I loved it, It was a great fit. It was a great way to meet other people in the area and those people visiting the area. I became good friends with the owner Lauretta Bauer. She retired and I took over in September 2013. She certainly had established a beautiful place.
What a great opportunity to leave one day as an employee and return the next day as the owner, same keys in hand. Something I never thought would happen, but something she made possible.
Q: Bauer’s is on Love Lane, which is its own unique niche. What’s Love Lane like?
A: I guess people on Facebook talk about Throwback Thursday, but Love Lane is like that every day. People greeting each other on the street, whether they’re getting their mail, getting a cup of coffee, people being friendly without getting crazy about it. It’s not like it’s Disney. It’s just authentic.
Shopkeepers sweeping the sidewalk, turning over their closed sign—all the shop owners work in their shops. And actually, most of them are women which is interesting. The flowershop, the cheese shop, the candy shop, the yarn shop, the vineyard shop, the pet store, the saddlery, the book store, the art gallery, the clothing boutique, Love Lane Kitchen. Orlowski Hardware is the man on the block, as is the barber and the soon-to-open Ammarati Deli.
Q: A few years back the Suffolk Times did a profile and found a dozen of the nineteen businesses were owned by women. What’s your spot on Love Lane like? Tell me about Bauer’s.
A: I describe it as an old fashioned department store crammed into one little spot. I like that a gift from my shoppe, whether it’s $5 or $200, is wrapped with the same care and I think people always feel good when they buy a gift there.
We have a little bit of everything; a baby department, candles, crystal, Vera Bradley, Crabtree and Evelyn, Beatriz Ball, scarves, hats, sunglasses, jewelry… lots and lots of jewelry, cards, wine glasses, wine accessories, a little bit of everything.
Like they say, everything you want, nothing you need. It’s a Browsery. You are very welcome to come in and browse. We even have vintage items that will remind you of grandma perhaps or be perfect for your North Fork cottage.
What we sell best is our customer service. It’s important that people feel comfortable; you want a suggestion, you don’t want a suggestion, it’s fine. It’s good.
Q: Have you changed Bauer’s much since you took it over?
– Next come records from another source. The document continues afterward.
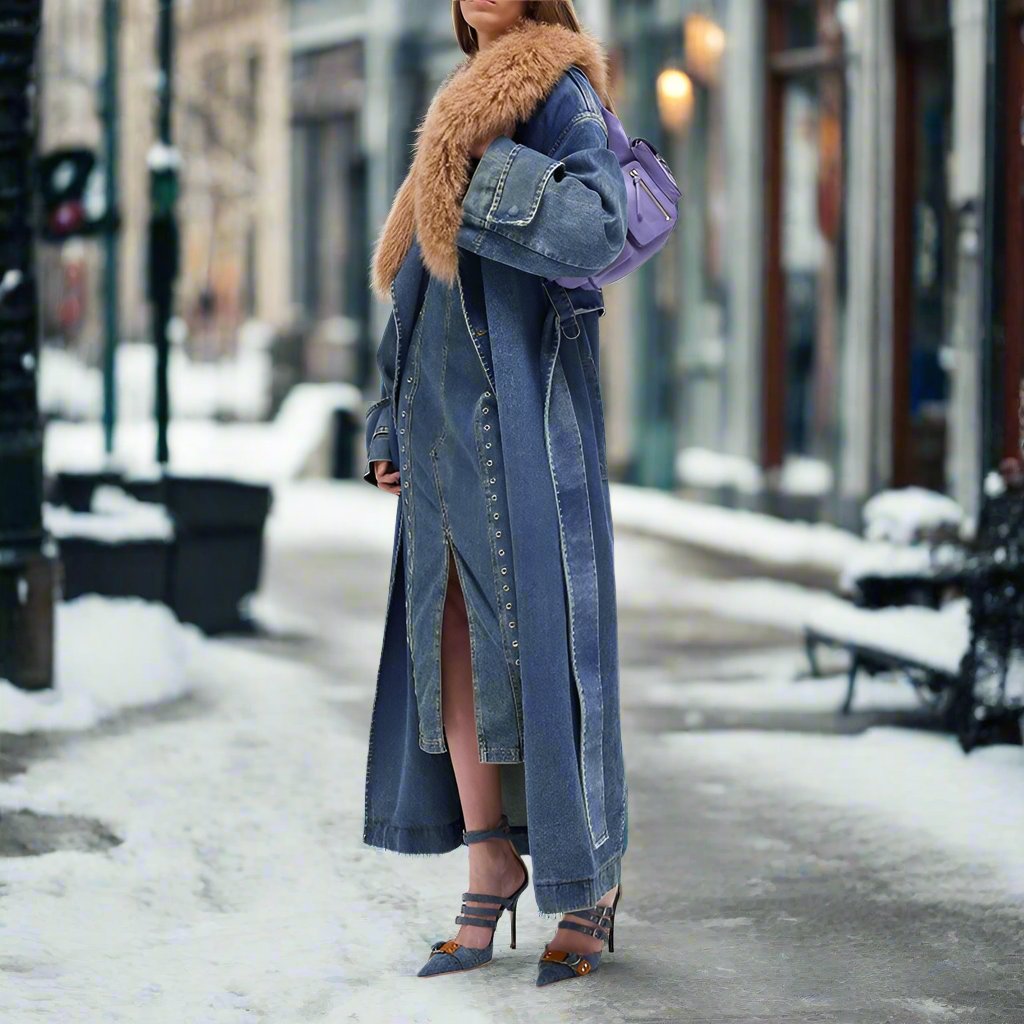 Women - Denim Trench Coat - Elegant Style with Belt - Chic Outerwear for Every Season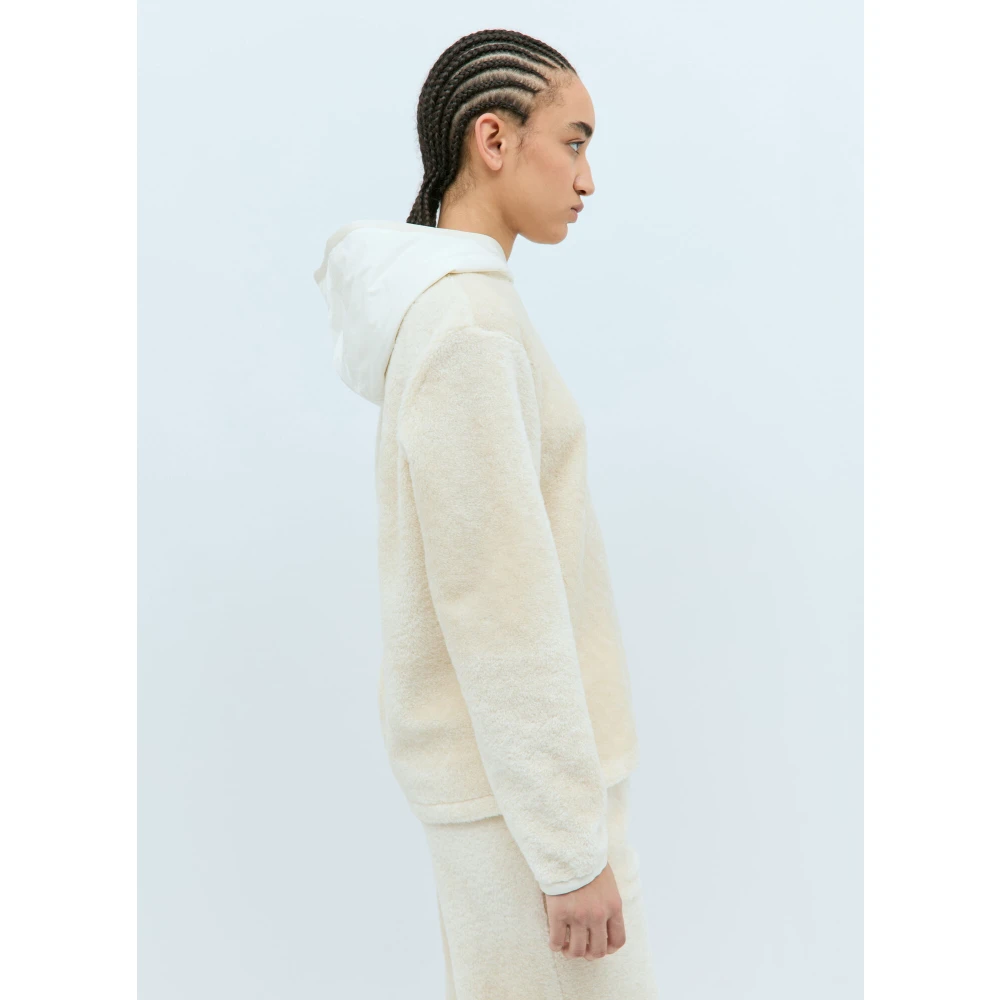 Moncler Teddy Hoodie met Logo Patch Beige Dames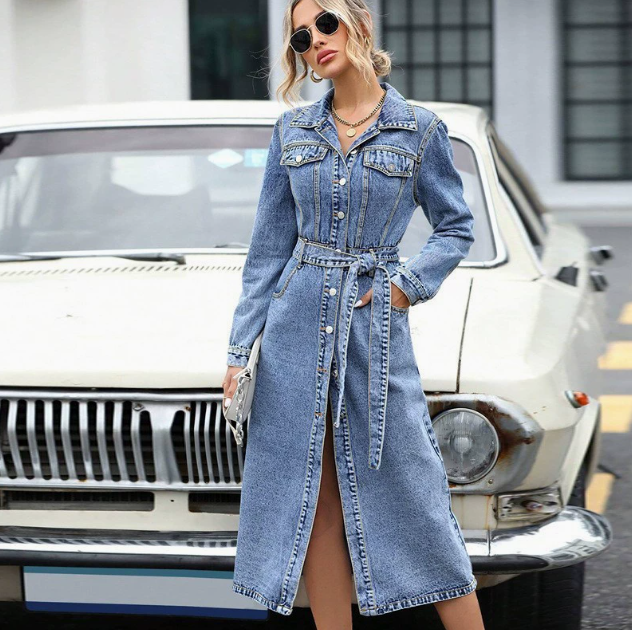Karin | Stijlvolle Denim Midi-Jurk met Lange Mouwen en Knopen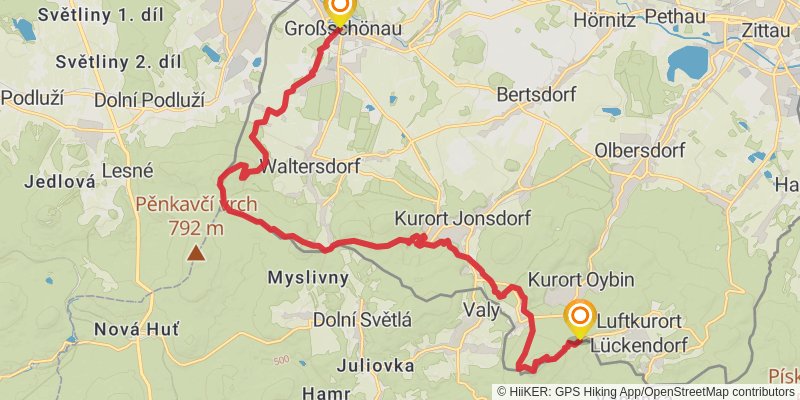 Oberlausitzer Bergweg stage 5 Map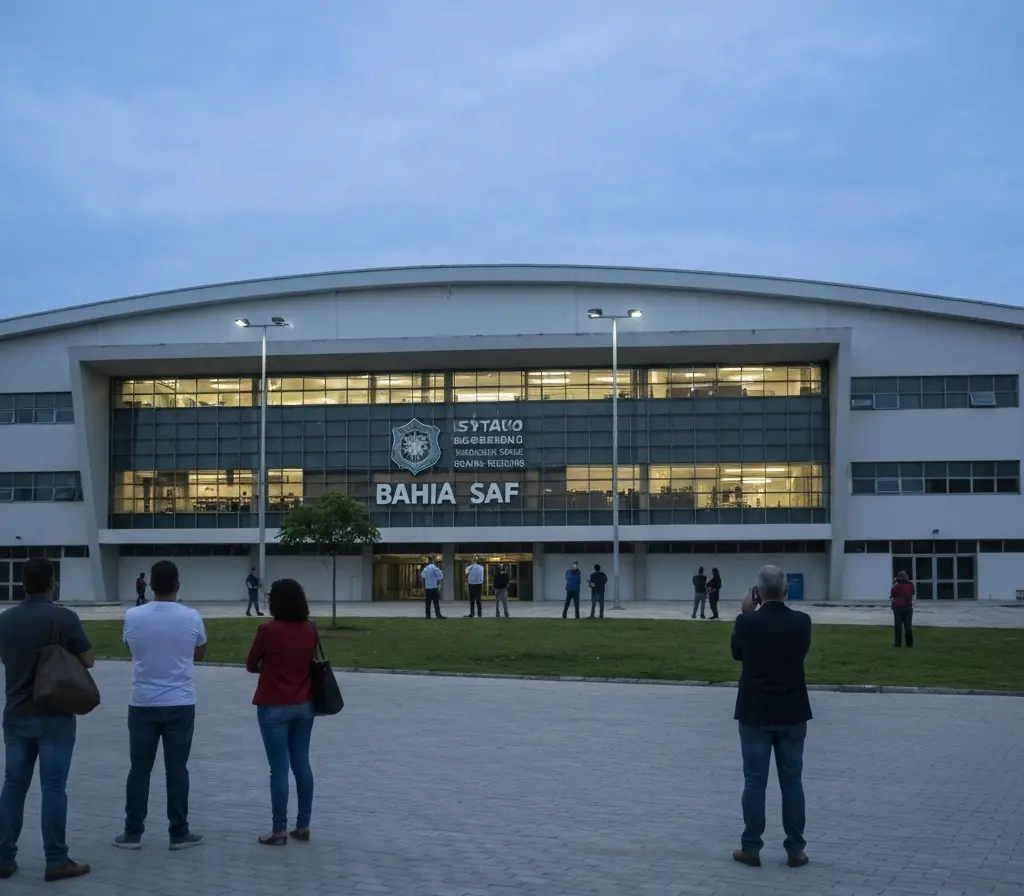 Bahia SAF recebe certificação internacional e pode atrair investimentos Estádio da Bahia SAF ao entardecer com grupo de pessoas de costas e obras ao fundo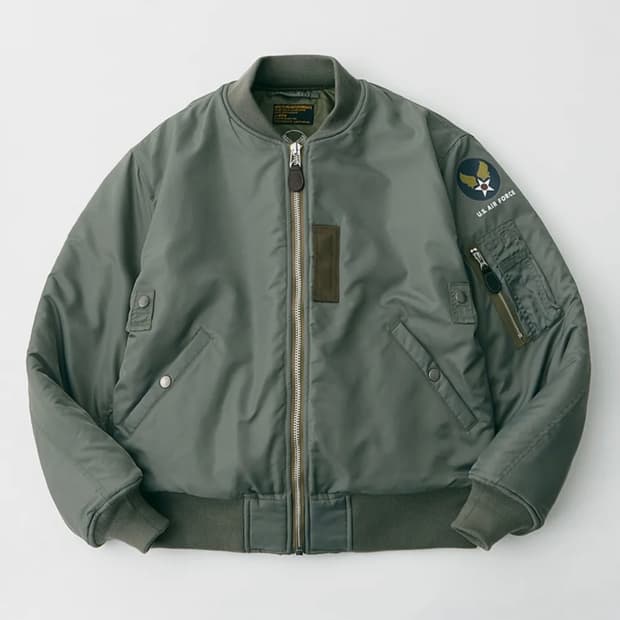 [새상품, M] 아웃스탠딩 10주년 울파일 MA-1 세이지그린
A: There’s a continuity to it though people have noticed a couple of changes. Introducing new items for people to see. I’m making it my own, putting my thought into what people would like.
I put a lot of thought into gifts I give and I’m putting the same care into choosing what I sell. I personally shop for what’s in my shoppe.
I want people to leave wanting to come back. Not just to Bauer’s, but to the experience of the North Fork. If you go into the shop across the street and they don’t have it, they may send you to me, and I do the same. That’s the community of Love Lane. It’s a year round destination.